The Barry Building at the Royal Sussex County Hospital

The GMB union said that it was “no surprise” that official inspectors had recommended placing Brighton and Hove’s main hospital trust into special measures.

The union said: “It comes as no surprise to the GMB and staff that the Care Quality Commission (CQC) finally placed Brighton’s failing NHS trust in special measures.

“GMB, the union for NHS workers, has called for proper funding and quality leadership as the only long-term treatment for the CQC ‘inadequate’ diagnosis.

“The news that Brighton and Sussex University NHS Trust has been placed in special measures by the Care Quality Commission (CQC) today will at first be seen as devastating by patients and staff alike at both the Royal Sussex County and Princess Royal Hospitals.

“But the GMB hopes that both the extra funding which might be made available and importantly the potential positive professional leadership which could be accessed by this decision could finally see the trust, which for so long has had to suffer one incompetent appointment after another, get the sort assistance and leadership both patients and staff deserve.

“Although locally blame is solely with the trust board, successive poor appointments at chief executive level have seen problems ignored and in fact exacerbated by the continuation of damaging government-initiated NHS funding reductions, recruitment problems and poor management who have often used bullying of staff as the optimal method of encouraging staff to accept extra shifts, stay late and to care for patients at times of staff shortages above and beyond what could be fairly expected and considered safe.

“Government underfunding is the purposeful promoter around seeing more and more NHS trusts around the country facing being placed in special measures despite claims that overall more money is being spent on the NHS budget.

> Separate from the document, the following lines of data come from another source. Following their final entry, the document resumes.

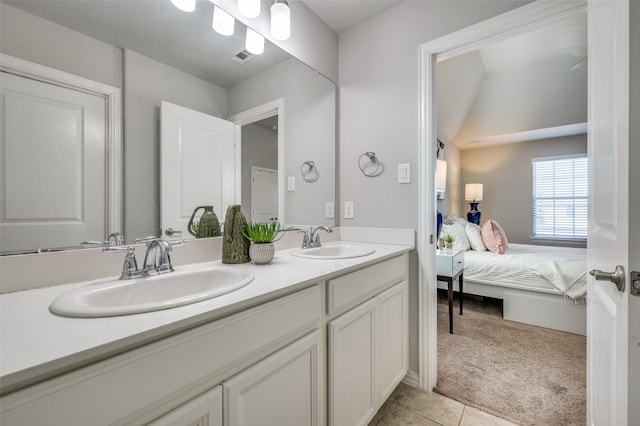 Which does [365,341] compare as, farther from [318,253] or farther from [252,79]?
[252,79]

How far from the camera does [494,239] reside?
3209 mm

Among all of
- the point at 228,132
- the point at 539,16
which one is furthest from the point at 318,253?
the point at 539,16

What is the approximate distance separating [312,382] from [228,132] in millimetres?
1165

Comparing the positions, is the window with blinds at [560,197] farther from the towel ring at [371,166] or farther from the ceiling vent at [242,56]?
the ceiling vent at [242,56]

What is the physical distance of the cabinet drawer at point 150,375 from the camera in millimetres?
439

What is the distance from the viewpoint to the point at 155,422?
57 centimetres

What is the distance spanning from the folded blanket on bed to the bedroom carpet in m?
0.36

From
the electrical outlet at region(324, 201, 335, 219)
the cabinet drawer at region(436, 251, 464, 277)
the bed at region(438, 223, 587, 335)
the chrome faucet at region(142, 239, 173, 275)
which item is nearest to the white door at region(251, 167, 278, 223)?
the electrical outlet at region(324, 201, 335, 219)

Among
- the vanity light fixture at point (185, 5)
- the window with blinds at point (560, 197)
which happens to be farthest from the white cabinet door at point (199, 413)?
the window with blinds at point (560, 197)

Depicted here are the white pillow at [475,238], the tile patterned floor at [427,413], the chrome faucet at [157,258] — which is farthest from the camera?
the white pillow at [475,238]

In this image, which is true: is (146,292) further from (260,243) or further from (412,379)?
(412,379)

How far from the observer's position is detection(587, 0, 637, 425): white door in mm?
659

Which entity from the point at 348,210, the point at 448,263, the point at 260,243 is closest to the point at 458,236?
the point at 448,263

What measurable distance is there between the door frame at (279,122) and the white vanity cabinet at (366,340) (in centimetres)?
69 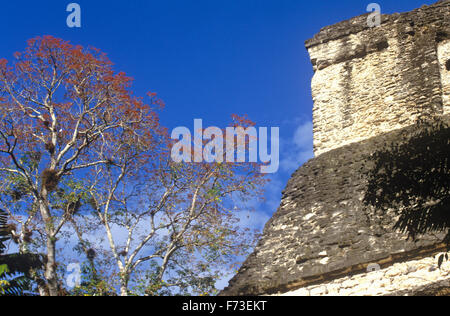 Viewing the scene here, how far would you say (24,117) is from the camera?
13.4 metres

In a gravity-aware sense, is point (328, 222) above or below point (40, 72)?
below

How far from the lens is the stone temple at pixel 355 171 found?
7.72 metres

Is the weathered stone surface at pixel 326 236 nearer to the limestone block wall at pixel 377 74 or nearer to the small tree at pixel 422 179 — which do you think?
the limestone block wall at pixel 377 74

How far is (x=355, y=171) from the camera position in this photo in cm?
960

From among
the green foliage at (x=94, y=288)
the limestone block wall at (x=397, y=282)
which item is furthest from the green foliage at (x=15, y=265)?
the limestone block wall at (x=397, y=282)

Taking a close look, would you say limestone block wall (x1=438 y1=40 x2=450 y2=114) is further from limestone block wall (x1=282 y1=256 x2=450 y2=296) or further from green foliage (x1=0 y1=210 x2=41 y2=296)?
green foliage (x1=0 y1=210 x2=41 y2=296)

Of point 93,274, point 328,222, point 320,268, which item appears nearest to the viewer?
point 320,268

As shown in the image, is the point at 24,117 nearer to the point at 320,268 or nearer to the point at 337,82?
the point at 337,82

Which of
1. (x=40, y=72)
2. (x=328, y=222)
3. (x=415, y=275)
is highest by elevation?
(x=40, y=72)

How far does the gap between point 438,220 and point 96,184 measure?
8722 mm

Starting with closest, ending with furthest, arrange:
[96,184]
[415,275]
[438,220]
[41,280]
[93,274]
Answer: [438,220] < [415,275] < [41,280] < [93,274] < [96,184]

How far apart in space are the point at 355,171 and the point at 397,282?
2.49 m

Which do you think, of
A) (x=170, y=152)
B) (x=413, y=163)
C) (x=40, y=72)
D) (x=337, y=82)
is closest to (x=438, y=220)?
(x=413, y=163)

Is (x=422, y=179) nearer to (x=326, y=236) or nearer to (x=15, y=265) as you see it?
(x=326, y=236) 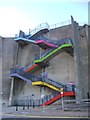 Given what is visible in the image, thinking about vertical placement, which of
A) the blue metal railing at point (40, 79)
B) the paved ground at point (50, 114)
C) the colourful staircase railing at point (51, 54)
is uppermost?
the colourful staircase railing at point (51, 54)

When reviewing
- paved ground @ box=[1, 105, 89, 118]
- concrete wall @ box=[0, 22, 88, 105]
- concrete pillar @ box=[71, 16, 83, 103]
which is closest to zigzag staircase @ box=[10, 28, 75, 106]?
concrete wall @ box=[0, 22, 88, 105]

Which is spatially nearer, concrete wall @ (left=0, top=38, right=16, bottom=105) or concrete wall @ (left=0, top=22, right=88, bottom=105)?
concrete wall @ (left=0, top=22, right=88, bottom=105)

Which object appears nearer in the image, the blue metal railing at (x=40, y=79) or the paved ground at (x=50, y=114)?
the paved ground at (x=50, y=114)

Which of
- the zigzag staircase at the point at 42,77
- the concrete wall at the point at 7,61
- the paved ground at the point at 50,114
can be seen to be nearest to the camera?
the paved ground at the point at 50,114

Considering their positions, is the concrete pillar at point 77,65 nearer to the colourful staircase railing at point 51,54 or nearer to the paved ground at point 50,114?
the colourful staircase railing at point 51,54

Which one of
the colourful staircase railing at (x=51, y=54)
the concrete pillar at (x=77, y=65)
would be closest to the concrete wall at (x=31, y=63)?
the concrete pillar at (x=77, y=65)

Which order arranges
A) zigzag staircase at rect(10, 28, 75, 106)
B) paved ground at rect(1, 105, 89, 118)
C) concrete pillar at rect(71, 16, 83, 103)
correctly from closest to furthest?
paved ground at rect(1, 105, 89, 118), concrete pillar at rect(71, 16, 83, 103), zigzag staircase at rect(10, 28, 75, 106)

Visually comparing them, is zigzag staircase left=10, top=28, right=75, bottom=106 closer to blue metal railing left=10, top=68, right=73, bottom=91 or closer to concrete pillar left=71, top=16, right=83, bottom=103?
blue metal railing left=10, top=68, right=73, bottom=91

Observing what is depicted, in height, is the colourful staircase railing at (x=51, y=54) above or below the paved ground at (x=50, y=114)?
above

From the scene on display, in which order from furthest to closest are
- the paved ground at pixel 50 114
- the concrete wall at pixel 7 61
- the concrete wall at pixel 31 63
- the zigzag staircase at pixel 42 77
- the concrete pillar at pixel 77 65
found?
the concrete wall at pixel 7 61, the concrete wall at pixel 31 63, the zigzag staircase at pixel 42 77, the concrete pillar at pixel 77 65, the paved ground at pixel 50 114

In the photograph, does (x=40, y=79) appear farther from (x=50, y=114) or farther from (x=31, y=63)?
(x=50, y=114)

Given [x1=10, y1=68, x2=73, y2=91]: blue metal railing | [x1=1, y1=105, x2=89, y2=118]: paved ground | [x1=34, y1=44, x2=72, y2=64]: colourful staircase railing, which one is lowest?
[x1=1, y1=105, x2=89, y2=118]: paved ground

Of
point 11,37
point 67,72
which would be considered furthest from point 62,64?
point 11,37

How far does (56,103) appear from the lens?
29.5m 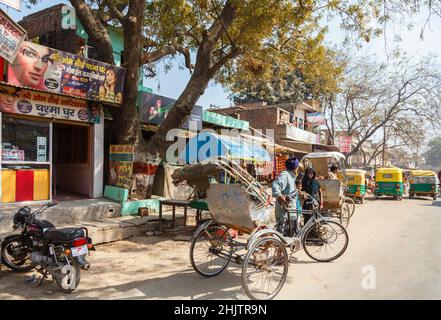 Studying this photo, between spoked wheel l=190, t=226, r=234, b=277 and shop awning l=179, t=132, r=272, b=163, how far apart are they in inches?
142

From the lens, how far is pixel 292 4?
945 centimetres

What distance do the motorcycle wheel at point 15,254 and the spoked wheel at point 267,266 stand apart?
352 centimetres

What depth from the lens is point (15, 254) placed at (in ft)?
17.0

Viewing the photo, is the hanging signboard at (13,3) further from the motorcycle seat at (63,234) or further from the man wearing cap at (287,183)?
the man wearing cap at (287,183)

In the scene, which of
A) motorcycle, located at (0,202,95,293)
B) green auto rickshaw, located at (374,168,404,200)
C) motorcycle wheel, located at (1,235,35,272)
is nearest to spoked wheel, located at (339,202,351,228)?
motorcycle, located at (0,202,95,293)

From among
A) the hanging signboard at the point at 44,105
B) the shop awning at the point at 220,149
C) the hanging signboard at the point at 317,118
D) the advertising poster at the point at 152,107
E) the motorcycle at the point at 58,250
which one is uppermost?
the hanging signboard at the point at 317,118

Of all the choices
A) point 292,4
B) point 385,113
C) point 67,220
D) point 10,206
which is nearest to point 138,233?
point 67,220

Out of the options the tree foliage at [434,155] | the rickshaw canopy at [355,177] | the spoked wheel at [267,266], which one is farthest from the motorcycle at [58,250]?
the tree foliage at [434,155]

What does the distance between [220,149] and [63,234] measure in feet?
19.3

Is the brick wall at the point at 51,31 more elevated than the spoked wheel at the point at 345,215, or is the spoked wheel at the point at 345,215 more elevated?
the brick wall at the point at 51,31

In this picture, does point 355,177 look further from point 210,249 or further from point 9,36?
point 9,36

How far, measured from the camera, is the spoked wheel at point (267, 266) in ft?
14.4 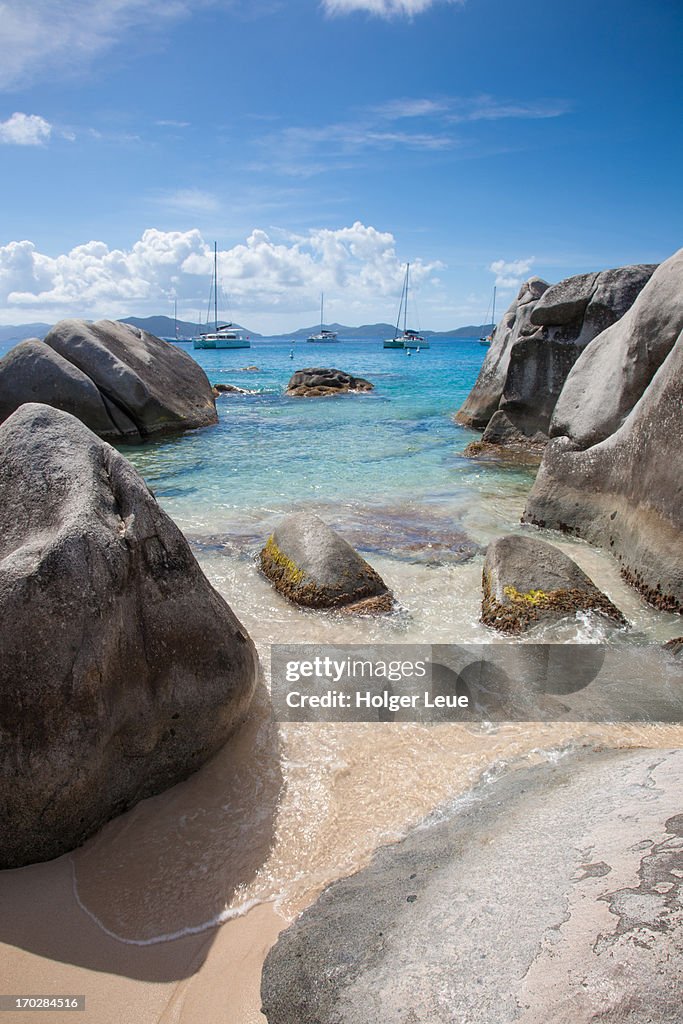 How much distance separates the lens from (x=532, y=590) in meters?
5.77

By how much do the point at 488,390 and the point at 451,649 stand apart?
13.5 metres

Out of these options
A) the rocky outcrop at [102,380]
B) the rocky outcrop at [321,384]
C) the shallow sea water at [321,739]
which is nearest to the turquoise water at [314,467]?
the shallow sea water at [321,739]

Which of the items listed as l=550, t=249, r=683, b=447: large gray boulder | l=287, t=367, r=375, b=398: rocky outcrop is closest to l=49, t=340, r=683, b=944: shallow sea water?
l=550, t=249, r=683, b=447: large gray boulder

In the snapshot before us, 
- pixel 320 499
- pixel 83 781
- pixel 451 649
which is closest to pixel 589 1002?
pixel 83 781

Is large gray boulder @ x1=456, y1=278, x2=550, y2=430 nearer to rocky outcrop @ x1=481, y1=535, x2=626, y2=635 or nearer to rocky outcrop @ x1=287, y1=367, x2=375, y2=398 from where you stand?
rocky outcrop @ x1=481, y1=535, x2=626, y2=635

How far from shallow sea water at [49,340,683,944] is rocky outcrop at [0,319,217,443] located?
12.0ft

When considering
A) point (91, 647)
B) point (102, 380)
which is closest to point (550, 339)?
point (102, 380)

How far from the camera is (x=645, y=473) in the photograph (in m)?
6.62

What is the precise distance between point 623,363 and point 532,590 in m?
3.65

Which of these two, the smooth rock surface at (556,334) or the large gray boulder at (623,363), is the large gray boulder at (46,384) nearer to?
the smooth rock surface at (556,334)

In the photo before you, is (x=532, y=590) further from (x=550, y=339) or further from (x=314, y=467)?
(x=550, y=339)

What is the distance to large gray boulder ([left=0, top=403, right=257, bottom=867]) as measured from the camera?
3.06m

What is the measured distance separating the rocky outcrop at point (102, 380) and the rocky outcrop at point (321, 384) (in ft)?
41.3

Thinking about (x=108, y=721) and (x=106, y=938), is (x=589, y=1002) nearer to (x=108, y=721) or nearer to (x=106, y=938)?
(x=106, y=938) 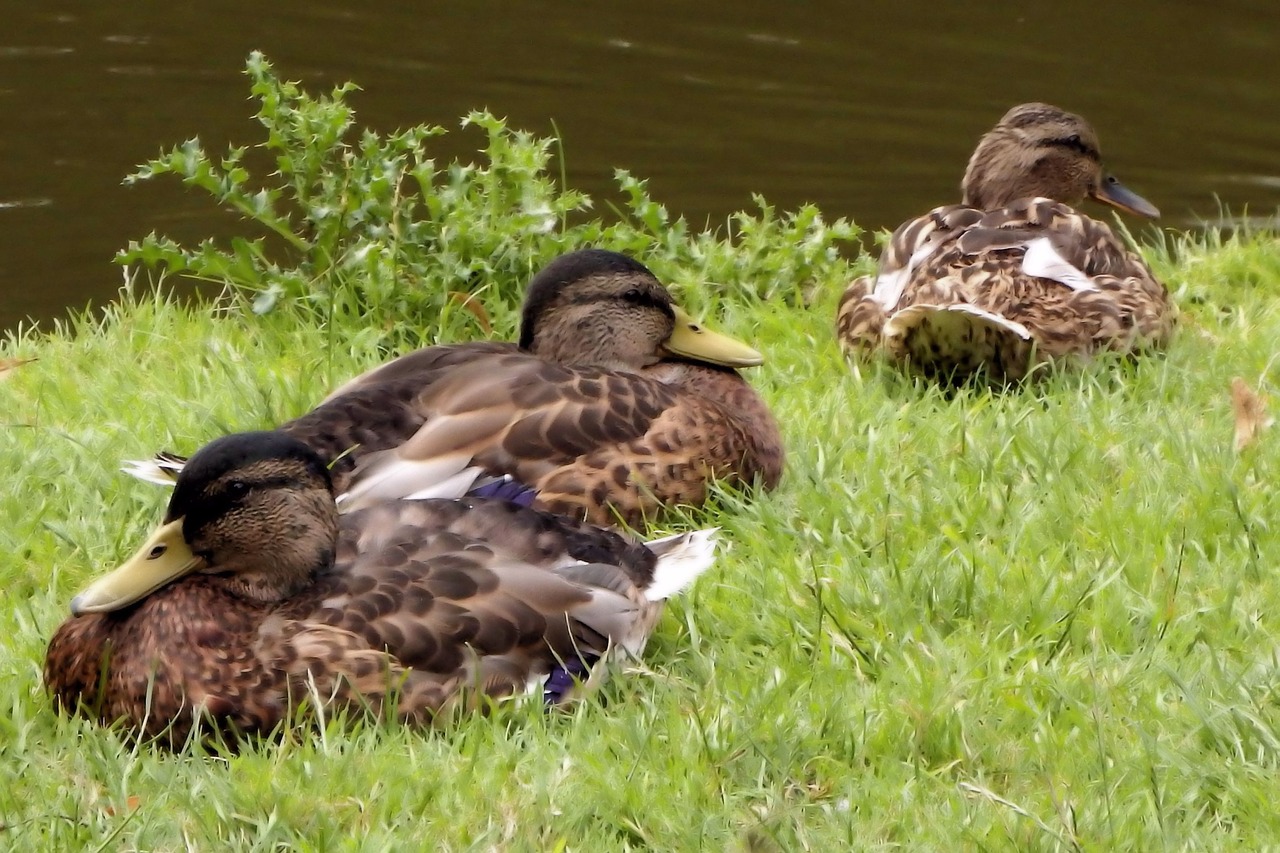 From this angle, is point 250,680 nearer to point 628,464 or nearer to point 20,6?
point 628,464

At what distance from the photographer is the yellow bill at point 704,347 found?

“It’s clear that when that underfunding is mixed with poor management, the type of NHS we all talk about wanting and keeping cannot be delivered safely when the financial bottom line becomes organisationally the overriding priority.”

GMB organiser Gary Palmer said: “No blame for Brighton and Sussex University Hospital Trust being placed in special measures can be laid at the feet of the frontline staff at the trust.

“In fact their constant dedication and hard work in the face of poor leadership has enabled patients to get first-class quality treatment and care on a regular basis.

“The long-term damage had been done by unrealistic savings targets being set out by successive management teams unable to find innovative ideas around healthcare delivery or by failing to consult with the expertise that frontline healthcare professional could potentially deliver on savings and improvements if asked.

“We all know that the NHS has faced financial challenges for many years and Brighton and Sussex University Hospitals Trust, like others, were told to find a series of efficiency savings.

“However, efficiency savings are not something which can be repeatedly rolled out on a year-on-year basis, especially if as the government has stated they wish to see high-quality and safe patient services for all.

“Many reports on inadequate services in the NHS, including those from the Care Quality Commission, will rightly focus on a lack of leadership from the constantly turning NHS merry-go-round of poor executives and board members simply moving from trust to trust as being the major problem and skip over the obvious overriding issues created in the first place from the lack of funding as the root cause of the problems encountered.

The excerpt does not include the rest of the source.